“Empire Games” by Charles Stross

I’ve never read any Charles Stross before, but he’s been on my wishlist for a very long time, so I was excited to read this book. It’s set in the world of his Merchant Princes (also known as Family Trade) books, but it’s the start of a new series. I had high hopes, but I ended up being a little underwhelmed.

After terrorist “world walkers” from an alternate timeline nuked the White House, the U.S. has become a paranoid surveillance state. Rita Douglas is the adopted daughter of a family that knows how to keep their head down and out of trouble – her grandparents escaped from the GDR and outwitted the Stasi. Unknown to her, the U.S. government has been keeping tabs on her since she was eight – her birth mother was a known world walker and she has the gene as well. She’s recruited to become the first American world walker spy. Meanwhile, her birth mother is trying to rebuild modern technology in an alternate timeline while waiting for the inevitable U.S. first contact.

There are a couple of reasons why I didn’t love this book, the biggest one being that I just didn’t believe the picture that Stross painted of the timeline closest to our world. It was the same until 2003 when the nuclear attack on the White House happened, but since then, the Bill of Rights has become a farce, conservative values have taken root (Roe vs. Wade was overturned), society is more overtly racist and homophobic, and India and Pakistan have had a nuclear war. Surveillance is everywhere – every street corner has a camera, and there are advanced algorithms to identify suspicious people.

The danger of setting up an alternate reality that diverged only a few years ago is that it will inevitably ring false to many people. Everyone has opinions about the times they live in. I just couldn’t believe that Americans would give up privacy or civil liberties to such an extent, or that our increasingly liberal world would suddenly descend into a moral panic about race or homosexuality. And India and Pakistan having a nuclear war struck me as exceedingly unlikely – there’s no political gain to either country going to war (much less nuclear war), and I don’t think there would be popular support for war at all (from having grown up in India.) References to “President Rumsfield” implementing draconian surveillance measures, and far too many references to the “Defense of Marriage Act” made me suspicious that the author was using the story as kind of a dumping ground for his politics.

The story and characters were fine, but they were inseparable from the world, so it made me hard to get invested in them. The tone of the book is an old school spy/tradecraft story, with much lamenting about skills lost after the Cold War ended. Without the world being what it is, I have no idea who Rita would be. Miriam and her timeline are much more interesting – the problem of introducing modern technology rapidly to a society with old fashioned values is fascinating, and I liked seeing the glimpses of how that was being implemented.

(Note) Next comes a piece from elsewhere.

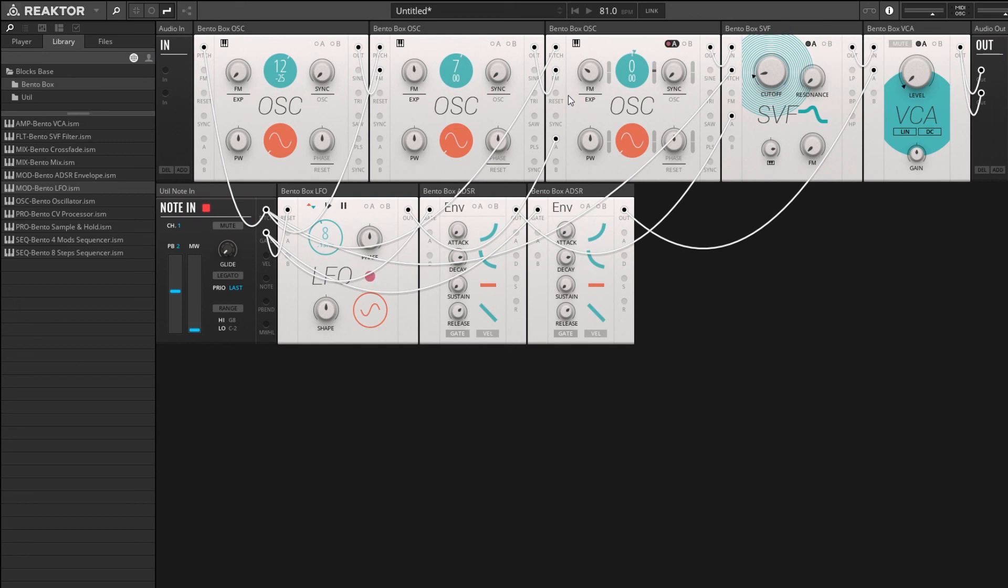All right, thank you guys for watching. In the next video, we're going to be taking a look at the sequencer modules and I'll show how we can create a sequenced synthesizer.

The book uses omniscient narration, including things like behind-the-scenes transcripts from Rita’s handlers, and that meant there was very little tension in the story. There was no real anxiety about Rita’s mission to the other timeline because we’ve been following the other timeline through Miriam and we know they’re fairly nice people. Rita’s contentious relationship with her handlers could have been a lot more ominous, but we’re reading their transcripts and we know they’re well-intentioned even if they occasionally misjudge her. There are hints of a larger threat established, but since they haven’t been encountered at all so far, that doesn’t add much excitement either.

I’m not saying this was a bad book – it was well written and well executed for what it wanted to be. What it wanted to be just wasn’t for me.